The Camptosar® decision clarifies questions surrounding whether and to what extent a generic drug applicant must match each of the pioneer drug’s labeled uses or whether certain uses of the pioneer drug can be carved out by the generic applicant as a result of patent or statutory exclusivity bars.

The U.S. Food and Drug Administration’s (FDA’s) approach to generic drug applications that seek approval for one or more, but not all, of the uses of a brand name “pioneer” drug has been evolving over time.

Generic drug makers sometimes seek “carve-outs” because of concerns about patent or statutory exclusivity rights that protect the carved-out uses but not the uses for which the generic applicant seeks approval. FDA’s recent Camptosar® decision has apparently resolved—perhaps conclusively—important questions surrounding whether and to what extent a generic drug applicant must match each of the pioneer drug’s labeled uses or whether certain uses of the pioneer drug can be carved out by the generic applicant as a result of patent or statutory exclusivity bars. For more information see FDA July 28, 2008, Decision Letter, Docket No. FDA-2008-P-0069 (denying Citizen Petition, available here .)

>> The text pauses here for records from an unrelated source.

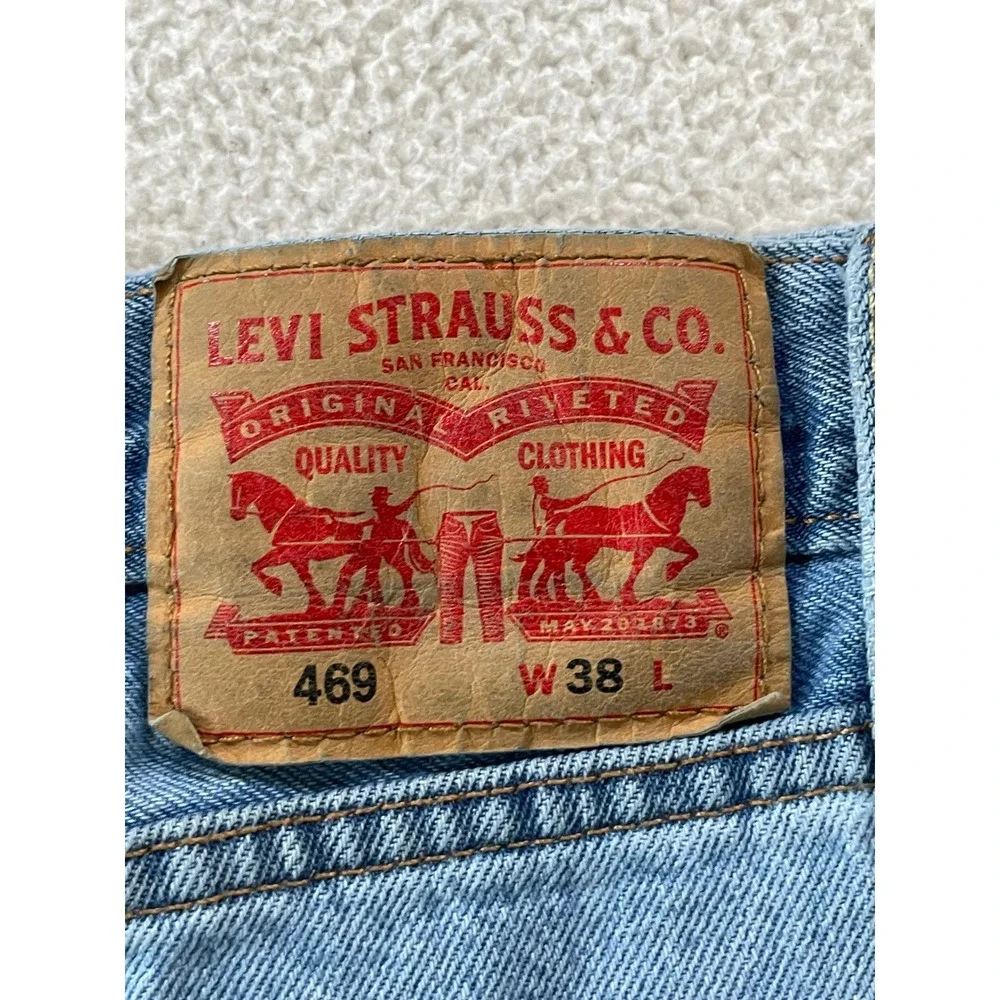 Levi's Mens 38x12 Denim Shorts Light Wash 505 Regular Fit Cotton Blue Jorts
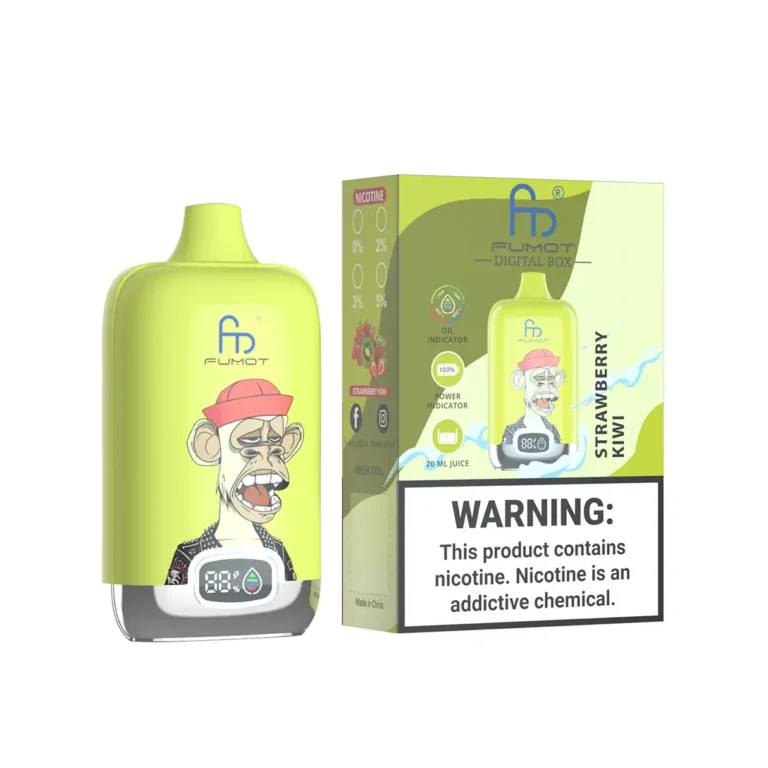 2025 Trendprodukt RandM Digital Box 12000 Züge Einweg E-Zigarette – Erdbeere Kiwi Flavours, 0%-5% Nikotingehalt, Bestpreis & Lieferung in 5-7 Tagen in Europa!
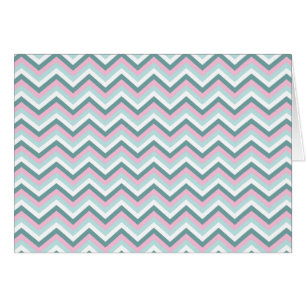 Ocean Mist Chevron Pattern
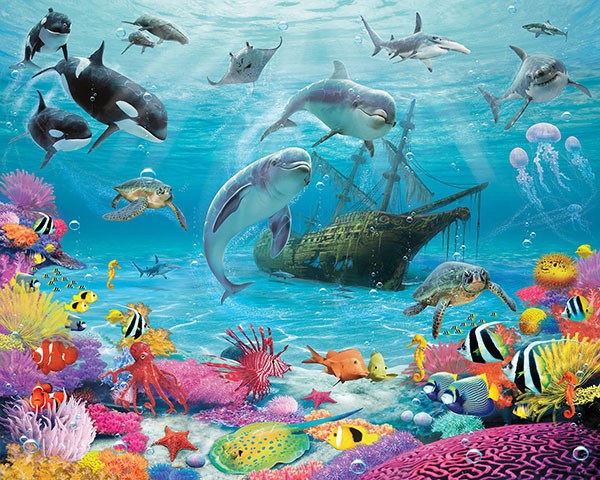 Sea Adventure Wall Mural - Window Film World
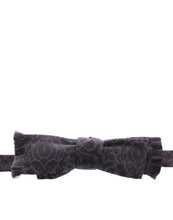 Gray Black Wool Silk Bow Tie Dolce & Gabbana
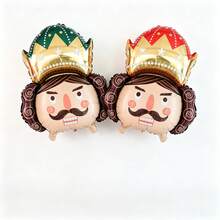 Christmas Nutcracker Soldier Balloon Nutcracker Guard Balloon Suitable For Christmas Party Decoration New Year Toy Balloon - Multicolor - View 1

Moreover, as FDA’s interpretation of the law has evolved, the law of patent infringement in these circumstances has likewise been developing in parallel.

Background

The Drug Price Competition and Patent Term Restoration Act of 1984, commonly called the Hatch-Waxman Act, Pub. L. No. 98-417, amended the Federal Food, Drug, and Cosmetic Act (FDC Act), to provide for, among other things, an abbreviated pathway for approval of generic versions of brand name drugs. The statute permits the filing of an abbreviated new drug application (ANDA) for a generic version that is the “same” as the approved brand name drug, the so-called “listed” drug, in terms of active ingredient, dosage form, strength, route of administration and, in general, labeling, and that is demonstrably “bioequivalent” to the listed drug.

The Hatch-Waxman Act also provides a mechanism intended to protect the patent rights of the holder of the approved application for the listed brand name drug by requiring that the ANDA applicant “certify” as to the status of patents “claiming” the drug or a “method of using such drug;” by establishing a system for resolving patent challenges in federal district court in a timely manner; and by providing a 30-month stay of FDA approval of the generic (that can be shortened or lengthened by the court) once patent litigation is initiated on certified patents—categorically prohibiting FDA approval of the generic drug even if the ANDA otherwise meets the criteria for approval established by the statute and the agency’s implementing regulations.

However, an ANDA applicant may elect not to certify with respect to each and every method of use patent, and instead may elect to submit a so-called “section viii” statement stating that the applicant is not seeking approval to market the product for one or more patented methods of use covering the listed drug. Where the listed drug is marketed and labeled for a patented method of use for which a section viii statement has been filed by the ANDA applicant, there exists a divergence between the labeling for the listed drug and the labeling for the proposed generic drug subject to the ANDA. This divergence of labeling arguably undercuts the sameness requirement that is the conceptual predicate for generic drug approvals. In other words, in this context, the proposed labeling for the generic drug may well be substantially different from the labeling for the listed drug because it might omit one or more methods of use for which the listed drug is labeled and approved. The question raised is whether this lack of sameness in the labeling precludes approval of ANDAs with method of use labeling carve-outs.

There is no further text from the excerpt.